Goal of the exercise: Find the line that holds "Renault Scénic 1,9" in the material below. Output that line and each one after it exactly, but not the pictures.

Dataset:
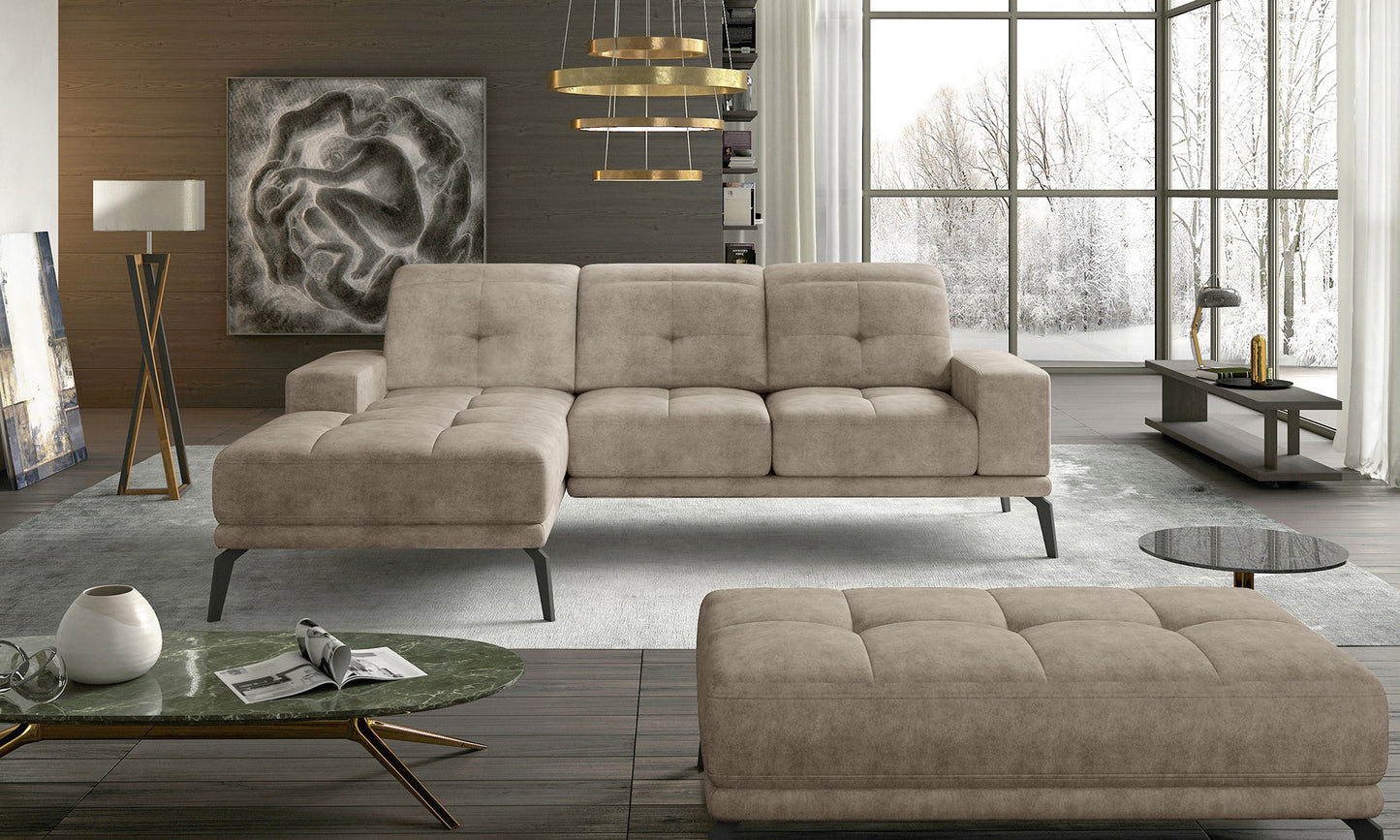 Elegancki narożnik Torrense Dora 21 z szerokim szezlongiem oraz dekoracyjnymi przeszyciami na oparciach. Komfortowy narożnik rodzinny do nowoczesnych wnętrz inspirowanych stylem soft loft i modern classic.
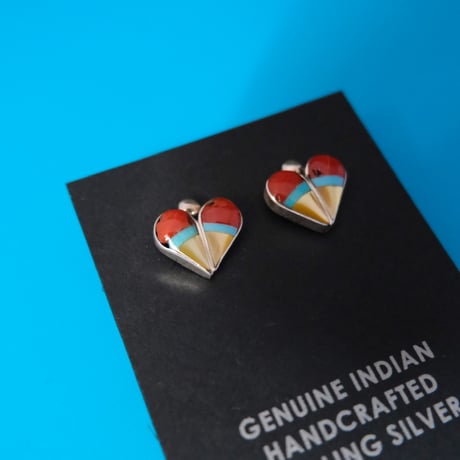 ZUNI / inlay heart pierce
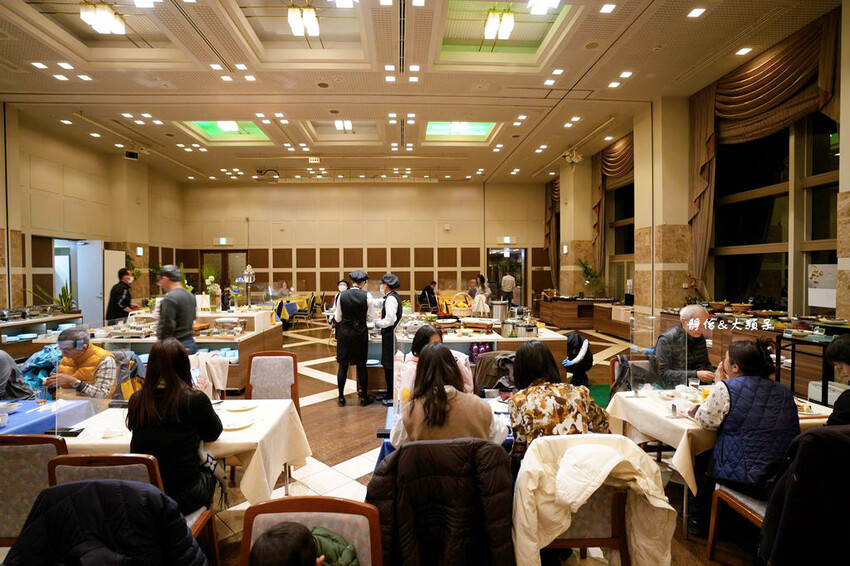 輕井澤1130飯店,溫馨四人房寬敞舒適、自助餐螃蟹吃到飽,輕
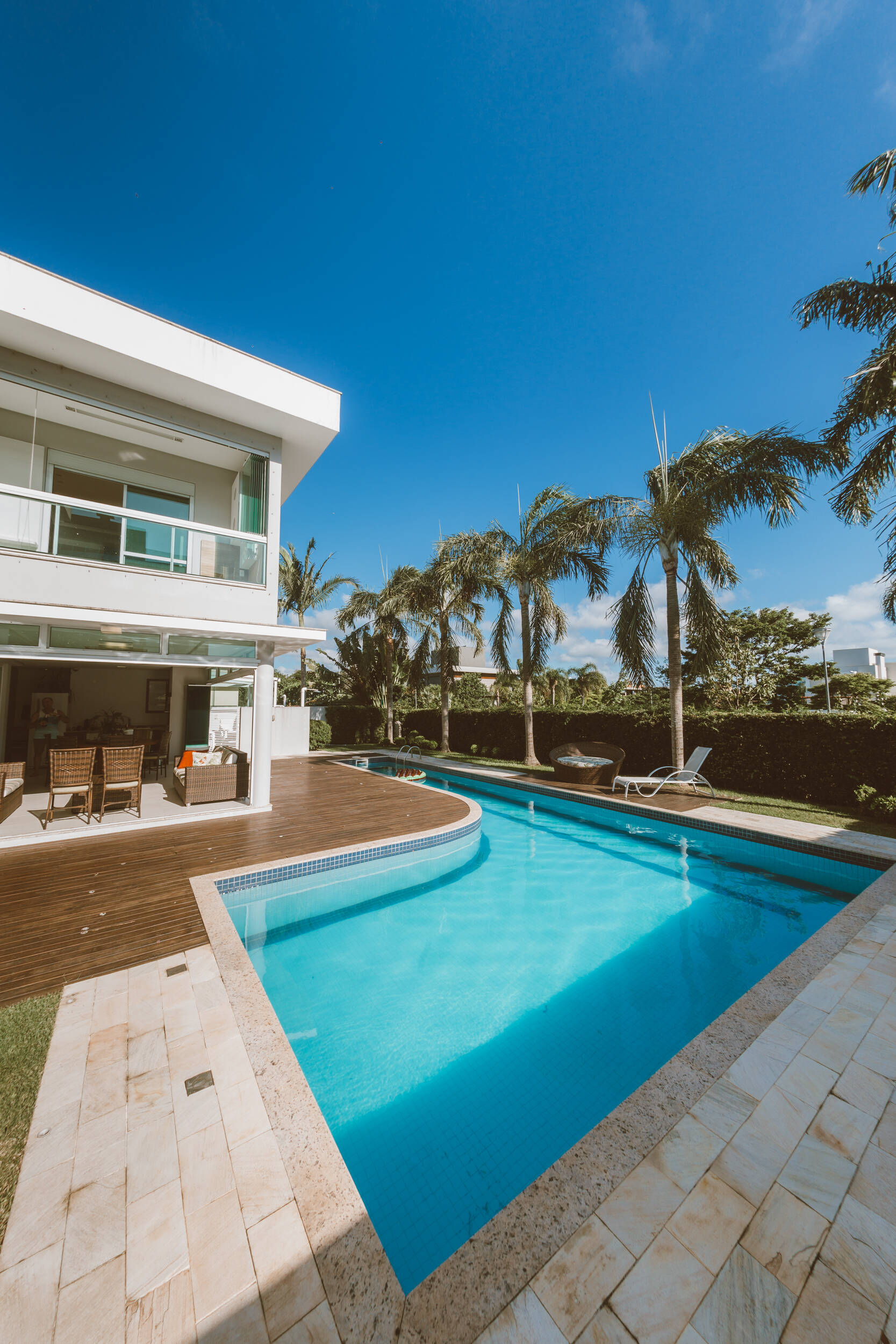 Casa para alugar com 5 quartos, 529m² - Foto 2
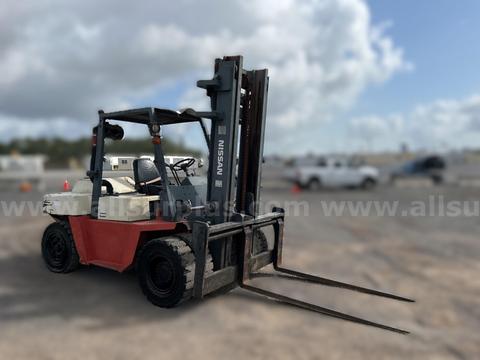 Nissan VF05H70V Forklift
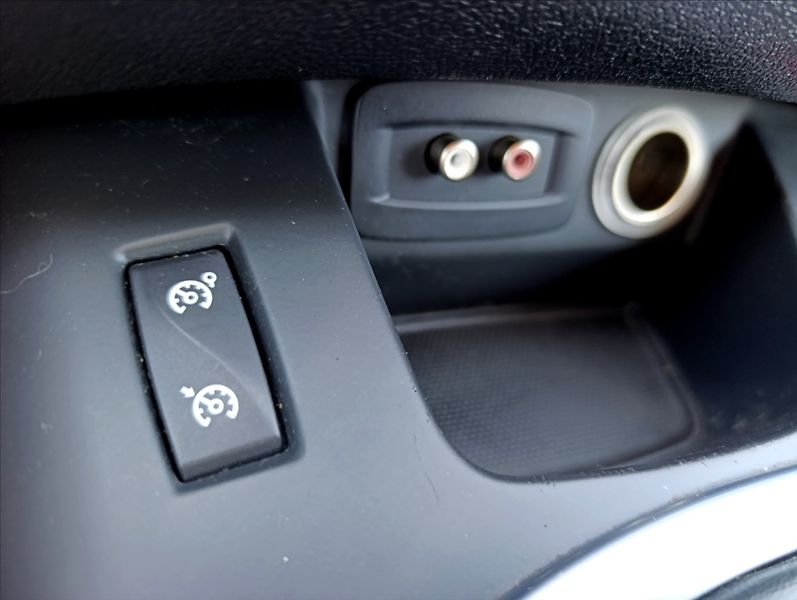 Renault Scénic 1,9 DCi Tažné Navi Aut. Klima - fotka 21 z 30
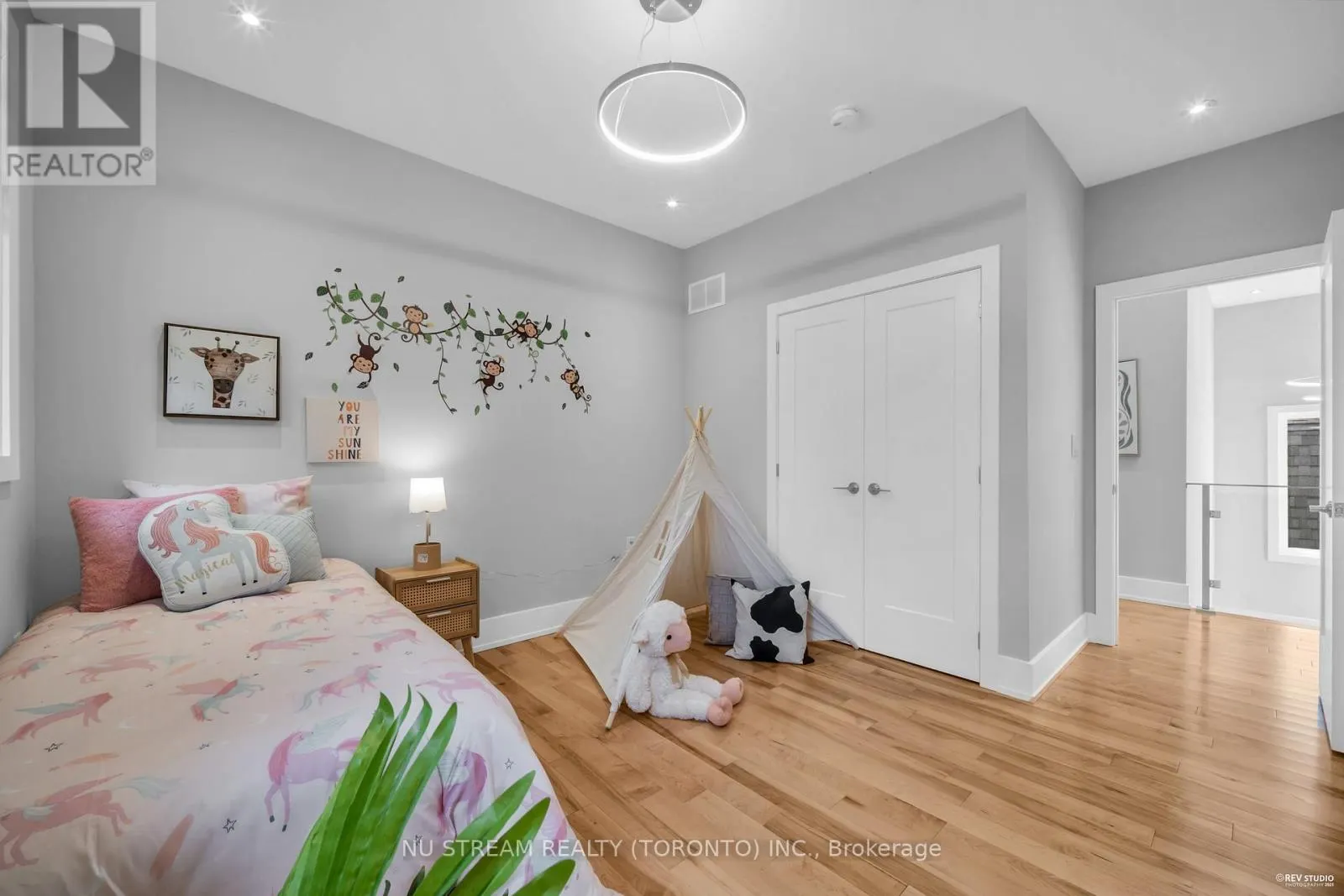 4 WESTBOURNE AVENUE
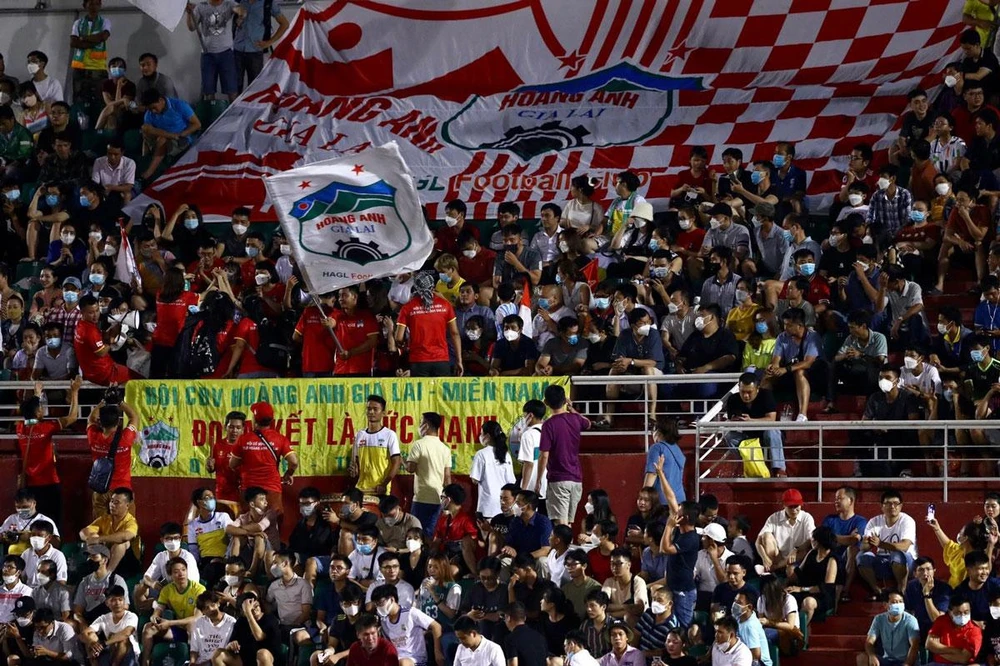 Văn Toàn và đồng đội (ảnh trên) luôn chơi nỗ lực dưới sự cổ vũ cuồng nhiệt của giới hâm mộ trên sân Thống Nhất (ảnh dưới). Ảnh: ANH PHƯƠNG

Result below:
 Renault Scénic 1,9 DCi Tažné Navi Aut. Klima - fotka 21 z 30
 4 WESTBOURNE AVENUE
 Văn Toàn và đồng đội (ảnh trên) luôn chơi nỗ lực dưới sự cổ vũ cuồng nhiệt của giới hâm mộ trên sân Thống Nhất (ảnh dưới). Ảnh: ANH PHƯƠNG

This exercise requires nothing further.